Globally, approximately 15 million babies are born preterm every year. Complications of prematurity are the leading cause of under-five mortality. There is overwhelming evidence from low, middle, and high-income countries supporting kangaroo mother care (KMC) as an effective strategy to prevent mortality in both preterm and low birth weight (LBW) babies. However, implementation and scale-up of KMC remains a challenge, especially in lowincome countries such as Ethiopia. This formative research study, part of a broader KMC implementation project in Southern Ethiopia, aimed to identify the barriers to KMC implementation and to devise a refined model to deliver KMC across the facility to community continuum.

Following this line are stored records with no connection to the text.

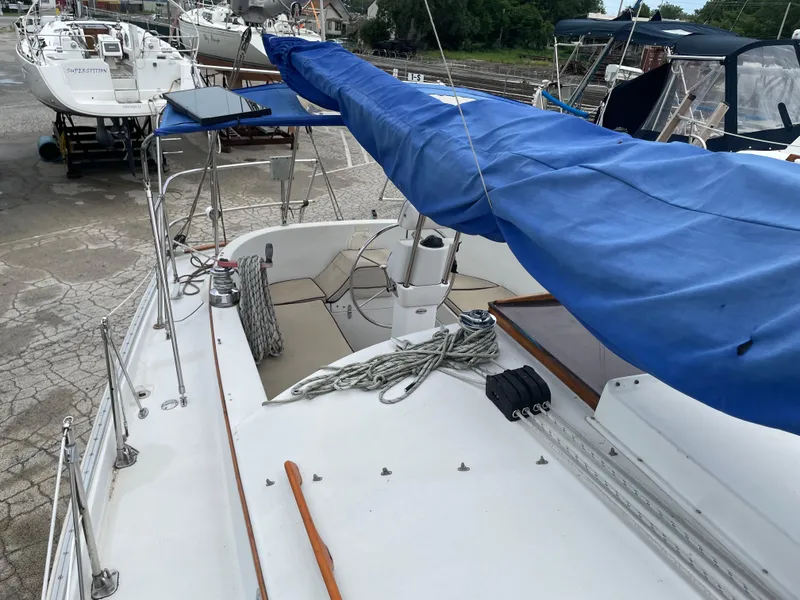 Slide: The Image of 1987 Nonsuch 30 Ultra sailboat with blue sail cover, docked in a marina. - 10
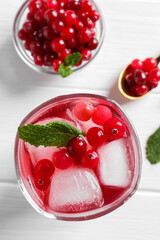 Tasty cranberry juice with ice cubes in glass and fresh berries on white wooden table, flat lay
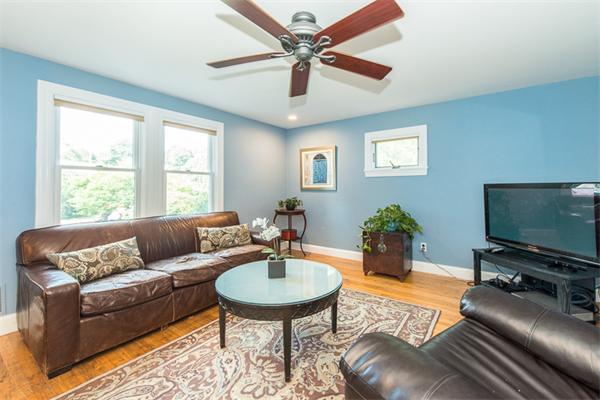 10 Briggs Road Lexington, MA 02421 - Photo 6 of 30 a living room with furniture and a flat screen tv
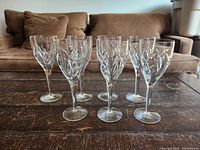 Seven crystal wine glasses grouped on wooden table showing cut leaf pattern
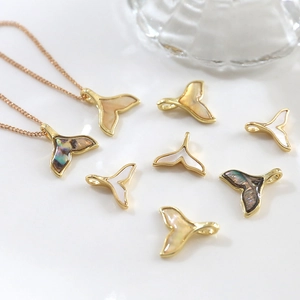 Détail de pendentifs queue de poisson avec nacre et chaînes plaquées or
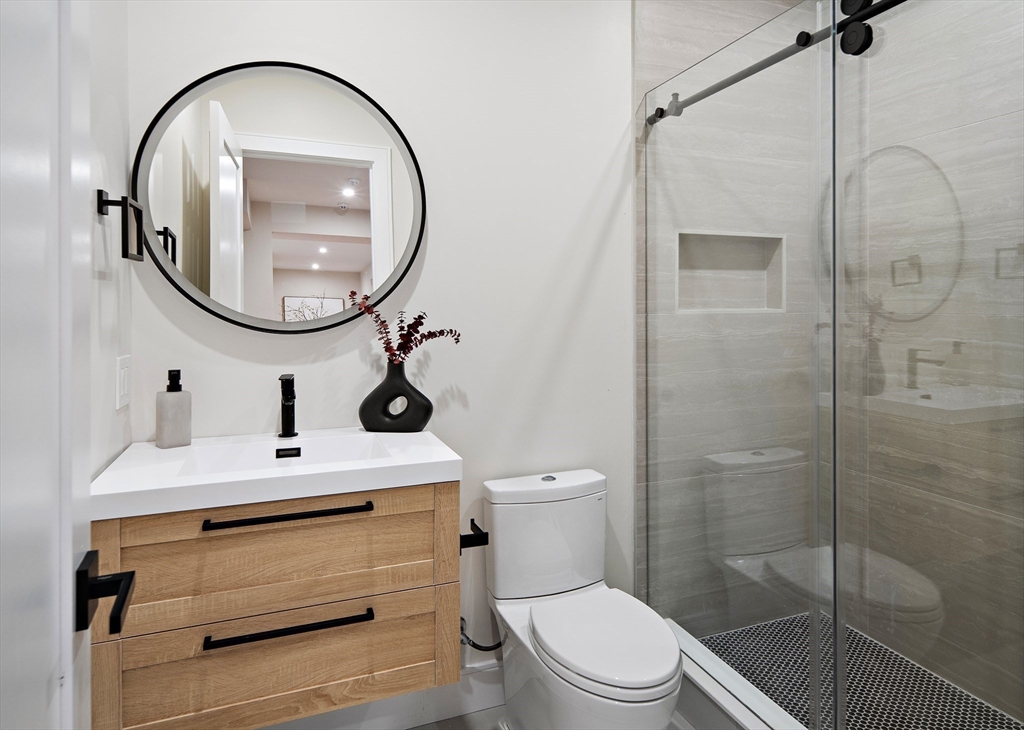 34 Pershing Road Needham, MA 02494 - Photo 33 of 41 a bathroom with a sink a toilet and a mirror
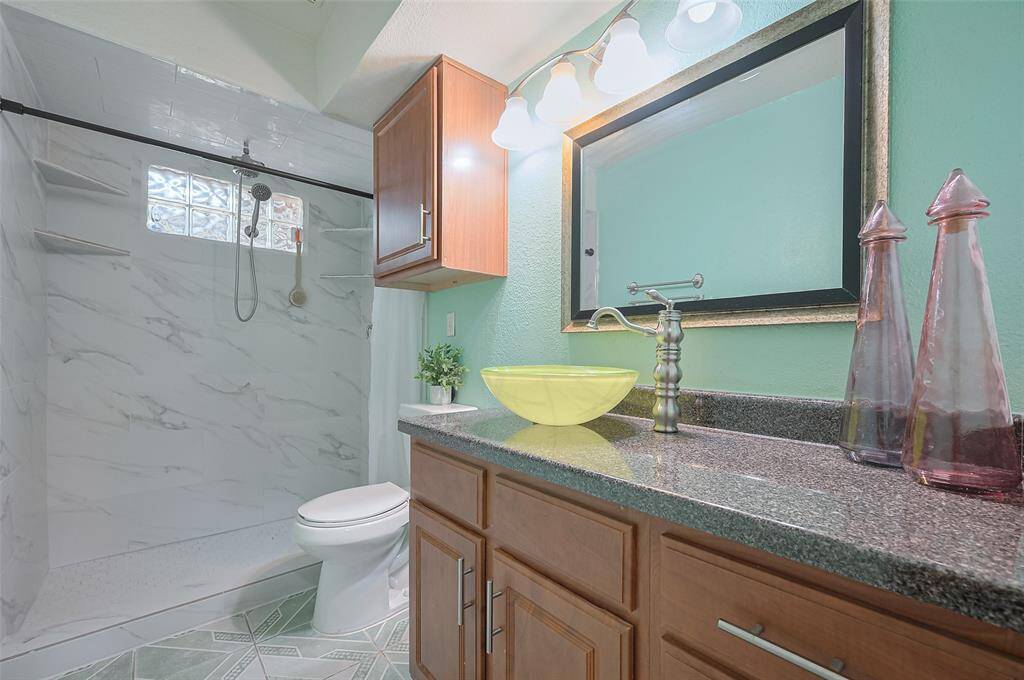 The home features one full bath and a half bathroom. The full bath includes a vanity with a granite-look laminate countertop, a vessel sink, and an updated faucet. A decorative framed mirror, updated overhead lighting, and a commode with an over-commode storage cabinet add stylish touches. The 2024 remodeled walk-in shower boasts dual showerheads, a glass block privacy window, and multiple ledges for shampoo and soap, combining both luxury and functionality.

A formative research study was conducted in Southern Ethiopia using a qualitative explorative approach that involved both health service providers and community members. Twenty-fourin-depth interviewsand 14 focus group discussions were carried out with 144study participants. The study applied a grounded theory approach to identify,examine, analyse and extract emerging themes, and subsequently develop a model for KMC implementation.
Barriers to KMC practice included gaps in KMC knowledge, attitude and practices among parents of preterm and LBW babies;socioeconomic, cultural and structural factors; thecommunity's beliefs and valueswith respect to preterm and LBW babies;health professionals' acceptance of KMC as well as their motivation to implement practices; and shortage of supplies in health facilities.
Our study suggests a comprehensive approach with systematic interventions and support at maternal, family, community, facility and health care provider levels. We propose an implementation model that addresses this community to facility continuum.
全球每年约有 1500 万婴儿早产。早产儿并发症是导致 5 岁以下儿童死亡的主要原因。来自低收入、中等收入和高收入国家的大量证据支持袋鼠式护理(KMC)作为预防早产儿和低出生体重儿(LBW)死亡的有效策略。然而,KMC 的实施和扩大仍然是一个挑战,尤其是在埃塞俄比亚等低收入国家。这项形成性研究是在埃塞俄比亚南部进行的一项更广泛的 KMC 实施项目的一部分,旨在确定 KMC 实施的障碍,并设计一个改进的模型,将 KMC 从医疗机构推广到社区。
在埃塞俄比亚南部,使用定性探索方法进行了形成性研究,涉及卫生服务提供者和社区成员。对 144 名研究参与者进行了 24 次深入访谈和 14 次焦点小组讨论。该研究应用扎根理论方法来识别、检查、分析和提取新出现的主题,并随后为 KMC 实施制定模型。
KMC 实践的障碍包括早产儿和 LBW 婴儿的父母在 KMC 知识、态度和实践方面的差距;社会经济、文化和结构因素;社区对早产儿和 LBW 婴儿的信仰和价值观;卫生专业人员对 KMC 的接受程度以及他们实施实践的动机;以及卫生设施中供应品的短缺。
我们的研究表明,需要采取一种全面的方法,在产妇、家庭、社区、医疗机构和医疗保健提供者各级进行系统干预和支持。我们提出了一个实施模型,解决了从社区到医疗机构的连续问题。